Lo que de ese humor pudiera resultar, nadie lo sabía, aunque no pocos temían que, tal como iban las cosas en Europa, décadas habrían de pasar hasta que se nos permitiera la entrada; y que, tal como las autonomías habían echado a andar, un golpe de timón nos devolviera a los negros años del peor centralismo españolista. Razonables temores de 1980 y de 1981; mientras ETA arreciaba su sangrienta escalada, Giscard d"Estaing complacía a los agricultores franceses dándonos con la puerta de Europa en las narices y Tejero apuntaba con su pistola a las alturas del Congreso de los Diputados.

Vistas las cosas con la perspectiva que sólo da el tiempo, no se puede decir que desde entonces nos haya ido tan mal. Por abajo, han arraigado sistemas y dirigentes políticos en lo que se antojaba una construcción artificial; por arriba, ser europeos se da por descontado. Hemos creado ámbitos de poder municipal y autonómico a la vez que nos hemos integrado en Europa: una hazaña que no hubiera sido posible sin la serie de elecciones que durante todos estos años han consolidado, hacia dentro, una nueva distribución territorial del poder, y han reafirmado, hacia fuera, la voluntad de participar en la construcción europea.

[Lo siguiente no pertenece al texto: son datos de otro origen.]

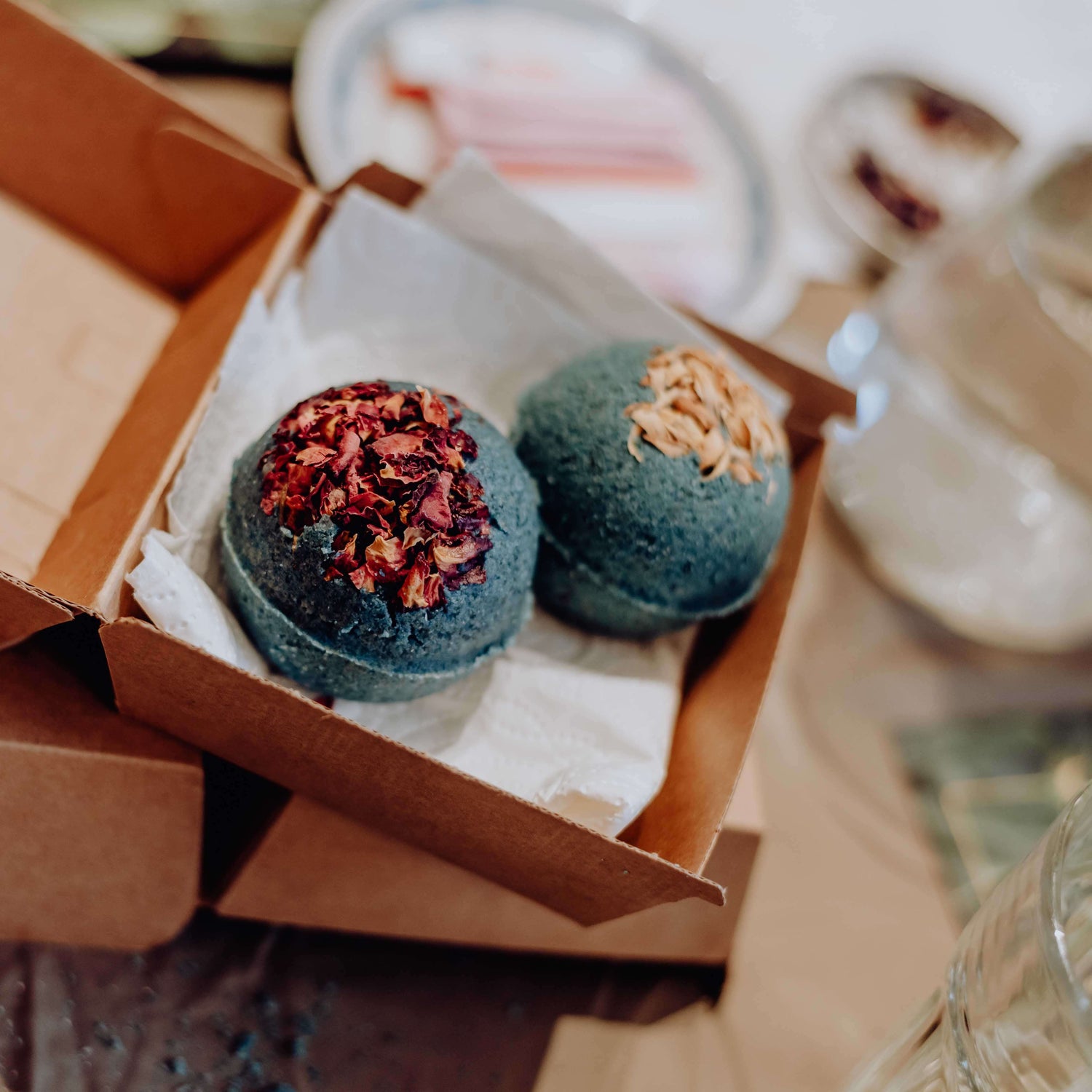 Zwei blaue Badekugeln in einer Schachtel – Badekugel, DIY Badekugel, Badebombe.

De ambas cosas es de lo que van estas elecciones, aunque el ruido levantado en la campaña por los dirigentes nacionales haya ahogado las voces y los debates en torno a las cuestiones que más de cerca y más de lejos atañen a nuestra vida diaria. Tanto mejor: las voces de los líderes habrán permitido a mucha gente dar un paso adelante en el saludable ejercicio de la deslealtad partidaria y votar con distinta papeleta en los diferentes comicios. El empeño de los políticos en parecerse a la imagen que cada cual tiene de su adversario vuelve más fácil ese voto dual o triple al que invita la acumulación de convocatorias: de mi pueblo a Europa no es preciso cubrir todo el trayecto a bordo del mismo tren.